If to the Company, to:

NOAH HOLDINGS LIMITED

No. 32 Qinhuangdao Road, Building C

Shanghai 200082, People’s Republic of China

Attention: Chief Financial Officer

Facsimile: (86) 21 3860-2320

with a copy to:

Skadden, Arps, Slate, Meagher & Flom LLP

42/F, Edinburgh Tower, The Landmark

15 Queen’s Road Central

Hong Kong

Attention: Z. Julie Gao

Facsimile: +852 3740 4727

If to the Purchaser, to:

KEYWISE GREATER CHINA MASTER FUND

4004-06 Cosco Tower,

183 Queen’s Road Central,

Hong Kong

Attention: Fang Zheng

Facsimile: +852 2815 7992

Section 6.5 Fees and Expenses.

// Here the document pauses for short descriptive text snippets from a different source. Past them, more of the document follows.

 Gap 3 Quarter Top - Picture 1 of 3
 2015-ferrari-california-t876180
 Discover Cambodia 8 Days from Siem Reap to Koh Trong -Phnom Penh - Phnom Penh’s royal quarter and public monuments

Each party hereto shall pay all of its own fees and expenses (including attorneys’ fees) incurred in connection with this Agreement and the transactions contemplated hereby, provided that the Company shall pay any and all (a) documentary, stamp or similar issue or transfer Tax due on (i) the issue of the Notes at Closing and (ii) the issue of ADSs upon conversion of the Notes and (b) fees and expenses of the listing of the ADSs issued upon conversion of the Note on the NYSE (or the principal U.S. national or regional securities exchange on which the ADSs are traded at the time of such conversion)

Section 6.6 Entire Agreement. The Transaction Documents and the other documents delivered pursuant hereto constitute the entire agreement between the parties with respect to the subject matter of this Agreement and supersede all prior agreements and understandings, both oral and written, between the parties and/or their Subsidiaries and Affiliates with respect to the subject matter of this Agreement.

Section 6.7 Amendment. Any provision of this Agreement may be amended if, but only if, such amendment is in writing and is duly executed and delivered by or on behalf of each of the parties hereto.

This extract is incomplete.